Stored data
+---+
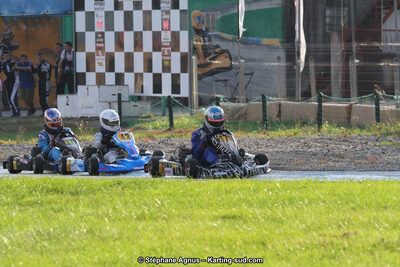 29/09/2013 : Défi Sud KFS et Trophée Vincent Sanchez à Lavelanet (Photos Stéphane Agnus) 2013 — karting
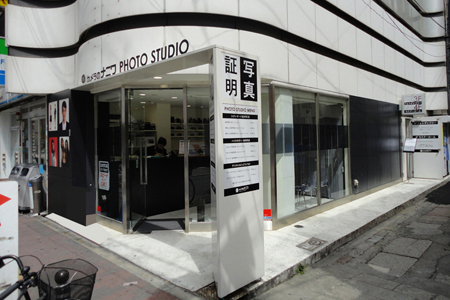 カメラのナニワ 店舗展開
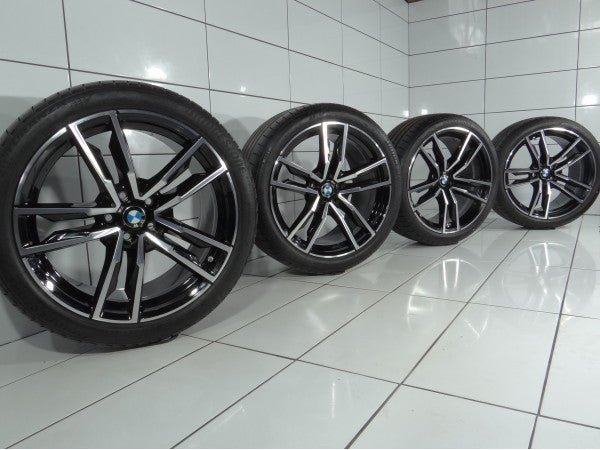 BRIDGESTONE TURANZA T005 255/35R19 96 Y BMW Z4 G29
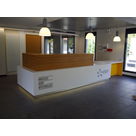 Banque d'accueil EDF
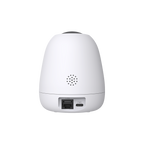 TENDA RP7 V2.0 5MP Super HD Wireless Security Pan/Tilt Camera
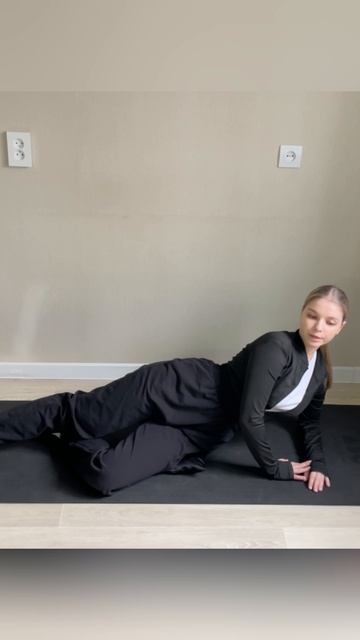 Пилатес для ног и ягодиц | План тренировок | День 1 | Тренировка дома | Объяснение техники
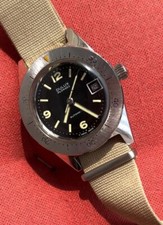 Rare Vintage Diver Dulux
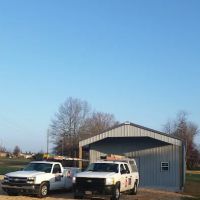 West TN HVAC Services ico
+---+
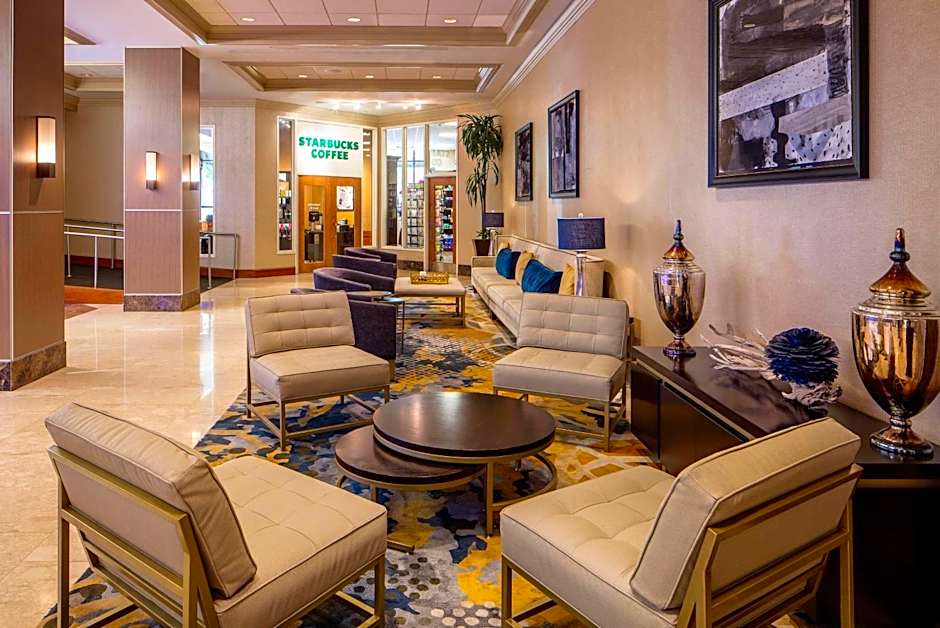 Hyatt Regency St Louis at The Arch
+---+
What this task involves
Write out word for word the lines of the listing above from the line with "TENDA RP7 V2.0" to the line with "West TN HVAC Services ico", taking in both of those lines but no pictures.

Expected answer
 TENDA RP7 V2.0 5MP Super HD Wireless Security Pan/Tilt Camera
 Пилатес для ног и ягодиц | План тренировок | День 1 | Тренировка дома | Объяснение техники
 Rare Vintage Diver Dulux
 West TN HVAC Services ico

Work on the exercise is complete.